I guess it matters because not everyone can have their way and in a country of diverse views and opinions there has to be a way to resolve conflict of opinion or law.

The law, supported by the Supreme Court, says the invocations can take place. We don't have to like it, but there it is!

Springer, Kotek, Courtney, Boehner and Reid are fully within their rights and the rights of the majority of the people to call for an invocation should they so desire.



What is (should be) the primary purpose of the prayers?


I suspect to different people it has different purposes. A commonly heard reason is guidance.

Perhaps Justice Anthony Kennedy said it pretty well in a majority opinion;
“It is presumed that the reasonable observer is acquainted with this tradition and understands that its purposes are to lend gravity to public proceedings and to acknowledge the place religion holds in the lives of many private citizens, not to afford government an opportunity to proselytize or force truant constituents into the pews,”

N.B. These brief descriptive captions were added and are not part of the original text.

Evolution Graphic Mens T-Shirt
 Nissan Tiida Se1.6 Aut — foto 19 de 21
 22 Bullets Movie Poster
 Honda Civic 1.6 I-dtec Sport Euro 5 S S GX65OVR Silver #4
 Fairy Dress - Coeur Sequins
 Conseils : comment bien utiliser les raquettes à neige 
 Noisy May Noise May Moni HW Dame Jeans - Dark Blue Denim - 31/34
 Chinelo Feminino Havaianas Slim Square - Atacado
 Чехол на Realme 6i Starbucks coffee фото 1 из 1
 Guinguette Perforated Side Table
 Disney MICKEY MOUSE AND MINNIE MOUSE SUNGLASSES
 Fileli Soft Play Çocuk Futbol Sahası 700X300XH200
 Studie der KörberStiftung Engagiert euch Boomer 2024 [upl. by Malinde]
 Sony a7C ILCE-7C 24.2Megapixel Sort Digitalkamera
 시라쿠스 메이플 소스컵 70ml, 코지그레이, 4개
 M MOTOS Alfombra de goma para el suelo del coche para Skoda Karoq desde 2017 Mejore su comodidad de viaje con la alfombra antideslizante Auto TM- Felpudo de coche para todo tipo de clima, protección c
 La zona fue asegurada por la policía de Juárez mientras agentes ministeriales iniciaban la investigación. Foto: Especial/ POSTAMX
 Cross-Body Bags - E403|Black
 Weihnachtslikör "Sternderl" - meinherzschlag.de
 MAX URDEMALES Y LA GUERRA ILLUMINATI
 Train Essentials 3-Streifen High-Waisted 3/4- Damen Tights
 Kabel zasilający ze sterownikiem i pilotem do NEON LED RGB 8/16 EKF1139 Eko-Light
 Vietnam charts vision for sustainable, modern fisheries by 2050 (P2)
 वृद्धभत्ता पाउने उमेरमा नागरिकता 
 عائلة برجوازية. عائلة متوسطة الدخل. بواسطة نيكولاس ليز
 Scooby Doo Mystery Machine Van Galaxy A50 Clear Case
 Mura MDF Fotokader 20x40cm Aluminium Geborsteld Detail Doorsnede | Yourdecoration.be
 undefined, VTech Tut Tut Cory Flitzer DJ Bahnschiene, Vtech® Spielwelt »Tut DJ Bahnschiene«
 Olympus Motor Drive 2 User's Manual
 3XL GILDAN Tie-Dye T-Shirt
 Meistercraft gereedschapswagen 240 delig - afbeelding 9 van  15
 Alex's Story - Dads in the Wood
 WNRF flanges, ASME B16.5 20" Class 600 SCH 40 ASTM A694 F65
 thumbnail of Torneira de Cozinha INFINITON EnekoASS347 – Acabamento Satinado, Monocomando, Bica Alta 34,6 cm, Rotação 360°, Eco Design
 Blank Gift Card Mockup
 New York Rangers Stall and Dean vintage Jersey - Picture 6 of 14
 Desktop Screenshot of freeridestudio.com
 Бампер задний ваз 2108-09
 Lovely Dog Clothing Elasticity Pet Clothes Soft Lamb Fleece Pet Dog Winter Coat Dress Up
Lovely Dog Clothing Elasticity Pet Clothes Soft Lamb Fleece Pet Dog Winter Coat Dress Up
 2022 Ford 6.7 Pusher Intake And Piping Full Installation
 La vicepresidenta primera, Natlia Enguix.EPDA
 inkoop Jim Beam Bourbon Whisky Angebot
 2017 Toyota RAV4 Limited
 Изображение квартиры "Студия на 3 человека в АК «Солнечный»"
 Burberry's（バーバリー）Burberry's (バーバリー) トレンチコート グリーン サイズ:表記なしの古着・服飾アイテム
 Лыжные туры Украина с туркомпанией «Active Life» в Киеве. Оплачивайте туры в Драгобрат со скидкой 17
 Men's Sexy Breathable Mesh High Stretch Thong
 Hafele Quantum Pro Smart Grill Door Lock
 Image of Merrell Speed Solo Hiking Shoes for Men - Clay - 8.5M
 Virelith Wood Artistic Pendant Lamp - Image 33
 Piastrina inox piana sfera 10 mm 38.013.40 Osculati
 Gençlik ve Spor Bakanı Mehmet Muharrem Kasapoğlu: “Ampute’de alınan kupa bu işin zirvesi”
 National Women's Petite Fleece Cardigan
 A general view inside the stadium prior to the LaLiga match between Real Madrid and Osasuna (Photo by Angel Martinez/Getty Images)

It is something that has been going on at public meetings since before the US was the US. As long as Springer doesn't declare that all other religions are outlawed and that all citizens of Yamhill County must partake of the Church of England, I guess I really don't have a problem with it.


Maybe we could combine the sentiments of both Springer and Boehner and pray while we're sobbing. Maybe we could sing "The Battle Hymn of the Republic." Maybe we should all march in lock-step and beg the creator for a more conservative and Biblical Yamhill County, in accordance with Springer's ultimate aim.
Enough already.
How about if we stop being silly and disingenuous and simply conduct the meeting like adults? This isn't Sunday school.

Jeb Bladine

The Supreme Court has said that opening prayers are legal, within guidelines found in the opinion.
Many Yamhill County Commission meetings are small, enclosed gatherings in the White House; others are small crowd gatherings in the Courthouse. Either way, particularly in the White House, attendees should not be asked to stand or, for that matter, make any display requiring them to reveal belief or non-belief. Those who deliver pre-meeting invocations should be asked to deliver their brief comment without instructions, with attendees free to sit quietly or bow in reverence.
Photoguy suggests the possibility of non-religious comments. In fact, governmental bodies in similar circumstances have invited secular invocations that represent equally high-minded sentiment of relevance to democratic governance. Here's a portion of one delivered this year at a city council meeting in Washington:
"I am going to ask that you raise your eyes and think about a few things today. When this body comes together to govern, they do so with the consent of the citizens of Oak Harbor … a very diverse community with many different views and opinions … It is incumbent upon this council to make the best decisions for the community. In this regard, I ask that you use reason, wisdom and empathy in your deliberations today. To take into account the implications your decisions will have now and in the future. We should all plant an acorn, even though we may not live to hear the wind rush through its leaves or the joyous laughter of children playing in the comfort of its shade.”
We have long-standing local traditions of opening various public gatherings with invocations – the DSA Banquet comes to mind, with decades of Christian invocations by Ezra Koch. However, with no local tradition of opening government meetings with prayer, it’s all the more important for Yamhill County commissioners to enact their decision in ways that are inclusive, not divisive.




I want to say that I am very honored to live in a community with such diverse thought. I also want to commend everyone who commented here. Usually these arenas are in fact more divisive then welcoming of open discussion.

So a big thank you to those who joined in and have a wonderful day.